The 137-page report included many changes, but emphasized one thing above others: The St. Pete and Sarasota-Manatee campuses will be “branch campuses” with high amounts of autonomy, including their own budgetary and hiring authority.
However, “all roads lead to the president,” according to Griffin.
This may quell some fears that these campuses had regarding being delegated as “instructional sites” without any authority.

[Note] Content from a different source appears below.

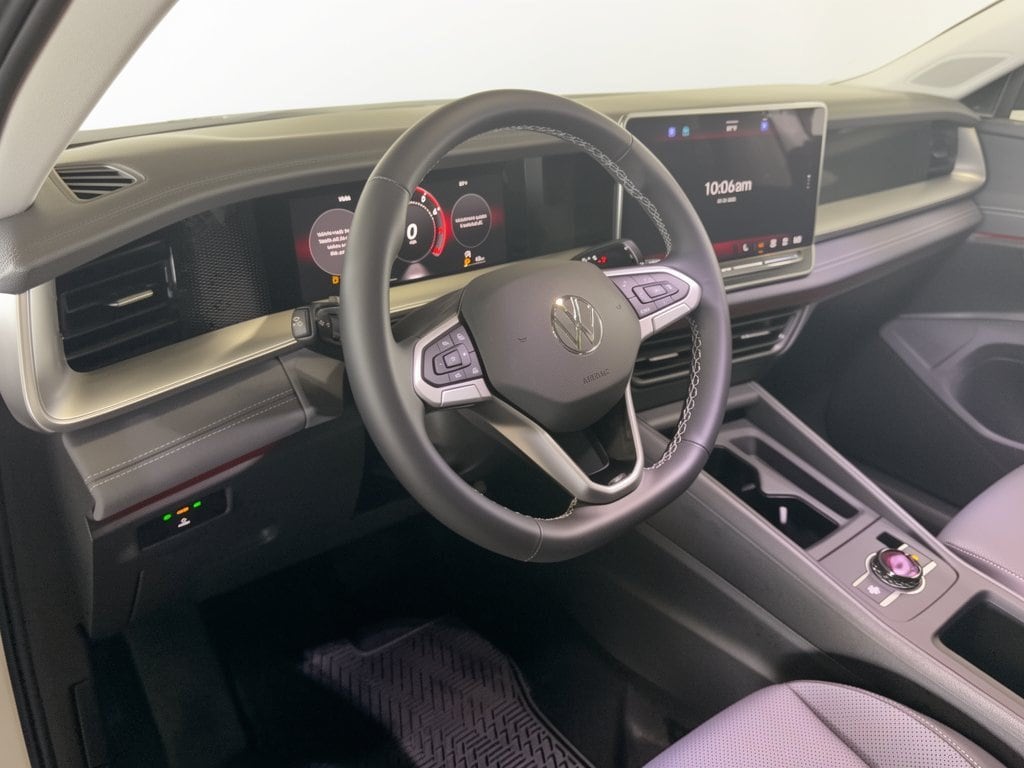 New 2026 Volkswagen Tiguan SE SUV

Not unlike how they operate currently, each campus will have a regional chancellor.
“That authority is not independent,” Griffin said at the meeting. “But they will work in collaboration and in consultation and conferring with their counterparts on that director level on personnel matters, on business matters, academic and non-academic.”
Similarly, maintaining campus identity proved to be an important point, particularly when it came to degree offerings.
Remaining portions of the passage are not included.